How to complete this task: Your job is to report every line of the entries that has "Camry".

Records shown:
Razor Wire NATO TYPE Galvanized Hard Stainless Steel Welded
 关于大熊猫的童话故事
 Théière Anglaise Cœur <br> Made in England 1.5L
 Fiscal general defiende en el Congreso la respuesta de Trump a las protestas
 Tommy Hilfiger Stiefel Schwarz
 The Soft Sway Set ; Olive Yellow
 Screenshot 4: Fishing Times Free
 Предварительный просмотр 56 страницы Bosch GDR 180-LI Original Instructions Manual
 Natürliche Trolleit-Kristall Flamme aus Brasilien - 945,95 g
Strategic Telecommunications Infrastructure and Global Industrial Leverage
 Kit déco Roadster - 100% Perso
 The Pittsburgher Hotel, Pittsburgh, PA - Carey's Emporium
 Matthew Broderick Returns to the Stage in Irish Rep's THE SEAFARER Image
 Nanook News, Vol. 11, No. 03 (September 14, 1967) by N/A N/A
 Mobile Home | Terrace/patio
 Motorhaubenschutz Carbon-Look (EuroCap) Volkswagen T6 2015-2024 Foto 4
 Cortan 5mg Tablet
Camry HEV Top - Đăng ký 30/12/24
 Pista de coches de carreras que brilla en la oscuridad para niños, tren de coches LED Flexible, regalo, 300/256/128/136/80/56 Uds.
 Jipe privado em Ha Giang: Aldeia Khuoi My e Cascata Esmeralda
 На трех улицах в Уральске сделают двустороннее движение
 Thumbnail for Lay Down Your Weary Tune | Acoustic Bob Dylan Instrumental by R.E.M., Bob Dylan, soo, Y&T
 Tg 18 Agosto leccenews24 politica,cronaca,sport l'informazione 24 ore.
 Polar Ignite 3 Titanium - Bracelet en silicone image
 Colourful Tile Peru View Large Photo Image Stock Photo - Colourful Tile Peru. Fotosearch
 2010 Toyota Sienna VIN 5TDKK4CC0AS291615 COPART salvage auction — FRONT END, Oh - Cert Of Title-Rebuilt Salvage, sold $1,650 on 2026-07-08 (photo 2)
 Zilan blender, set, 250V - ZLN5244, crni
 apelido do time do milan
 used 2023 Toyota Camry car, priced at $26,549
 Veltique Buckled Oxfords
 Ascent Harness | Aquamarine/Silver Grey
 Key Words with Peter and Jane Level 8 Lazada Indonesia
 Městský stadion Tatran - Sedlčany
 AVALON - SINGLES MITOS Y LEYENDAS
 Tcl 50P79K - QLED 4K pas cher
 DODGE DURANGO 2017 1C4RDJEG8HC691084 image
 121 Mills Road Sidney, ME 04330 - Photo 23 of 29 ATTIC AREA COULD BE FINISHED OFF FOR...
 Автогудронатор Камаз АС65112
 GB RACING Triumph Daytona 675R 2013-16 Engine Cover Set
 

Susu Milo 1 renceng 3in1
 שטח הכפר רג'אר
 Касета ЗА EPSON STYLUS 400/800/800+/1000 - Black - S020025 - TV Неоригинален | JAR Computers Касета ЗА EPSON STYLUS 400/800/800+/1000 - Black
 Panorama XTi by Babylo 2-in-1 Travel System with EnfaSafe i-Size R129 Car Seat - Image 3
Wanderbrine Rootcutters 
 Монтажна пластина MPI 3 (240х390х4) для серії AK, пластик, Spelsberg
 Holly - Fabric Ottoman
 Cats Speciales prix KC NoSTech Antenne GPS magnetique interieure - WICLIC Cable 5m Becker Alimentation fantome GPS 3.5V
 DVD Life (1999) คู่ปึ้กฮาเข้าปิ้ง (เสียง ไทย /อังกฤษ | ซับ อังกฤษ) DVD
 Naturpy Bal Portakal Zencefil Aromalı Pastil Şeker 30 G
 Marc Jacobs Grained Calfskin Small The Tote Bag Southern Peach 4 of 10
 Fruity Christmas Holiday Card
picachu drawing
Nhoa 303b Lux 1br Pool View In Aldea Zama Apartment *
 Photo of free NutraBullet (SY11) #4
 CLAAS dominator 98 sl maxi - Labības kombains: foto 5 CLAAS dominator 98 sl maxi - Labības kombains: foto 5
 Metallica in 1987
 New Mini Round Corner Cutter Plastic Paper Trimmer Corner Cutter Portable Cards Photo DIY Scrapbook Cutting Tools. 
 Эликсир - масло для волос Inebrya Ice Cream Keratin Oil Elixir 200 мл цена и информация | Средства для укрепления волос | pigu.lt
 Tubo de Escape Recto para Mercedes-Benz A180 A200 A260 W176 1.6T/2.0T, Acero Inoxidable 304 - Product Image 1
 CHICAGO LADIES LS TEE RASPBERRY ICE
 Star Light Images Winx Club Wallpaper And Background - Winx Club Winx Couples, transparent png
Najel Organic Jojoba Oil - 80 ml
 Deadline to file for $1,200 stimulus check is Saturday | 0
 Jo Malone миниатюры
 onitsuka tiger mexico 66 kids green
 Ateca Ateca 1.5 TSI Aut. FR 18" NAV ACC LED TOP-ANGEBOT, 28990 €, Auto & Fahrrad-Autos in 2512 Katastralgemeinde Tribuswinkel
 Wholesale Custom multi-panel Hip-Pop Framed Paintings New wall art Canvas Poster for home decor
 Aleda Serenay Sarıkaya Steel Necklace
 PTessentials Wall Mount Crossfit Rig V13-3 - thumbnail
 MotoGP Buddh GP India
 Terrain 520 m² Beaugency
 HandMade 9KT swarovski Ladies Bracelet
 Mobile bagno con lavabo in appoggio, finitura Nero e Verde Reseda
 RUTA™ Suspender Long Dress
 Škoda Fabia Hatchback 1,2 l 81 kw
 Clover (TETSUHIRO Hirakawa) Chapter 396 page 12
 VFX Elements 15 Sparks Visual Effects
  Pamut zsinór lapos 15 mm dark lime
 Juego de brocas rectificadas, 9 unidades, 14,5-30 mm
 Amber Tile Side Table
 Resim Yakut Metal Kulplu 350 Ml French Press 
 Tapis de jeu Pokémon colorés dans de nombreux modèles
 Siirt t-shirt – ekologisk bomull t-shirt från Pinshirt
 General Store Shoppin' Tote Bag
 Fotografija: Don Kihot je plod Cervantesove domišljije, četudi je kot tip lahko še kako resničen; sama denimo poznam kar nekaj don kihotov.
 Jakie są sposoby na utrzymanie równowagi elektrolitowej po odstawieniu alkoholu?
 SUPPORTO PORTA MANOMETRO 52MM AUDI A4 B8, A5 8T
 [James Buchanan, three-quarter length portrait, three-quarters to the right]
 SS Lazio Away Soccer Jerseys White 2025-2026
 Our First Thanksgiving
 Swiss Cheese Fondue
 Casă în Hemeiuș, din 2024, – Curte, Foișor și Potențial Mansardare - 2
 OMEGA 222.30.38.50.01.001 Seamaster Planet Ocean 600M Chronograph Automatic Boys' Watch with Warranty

Output:
Camry HEV Top - Đăng ký 30/12/24
 used 2023 Toyota Camry car, priced at $26,549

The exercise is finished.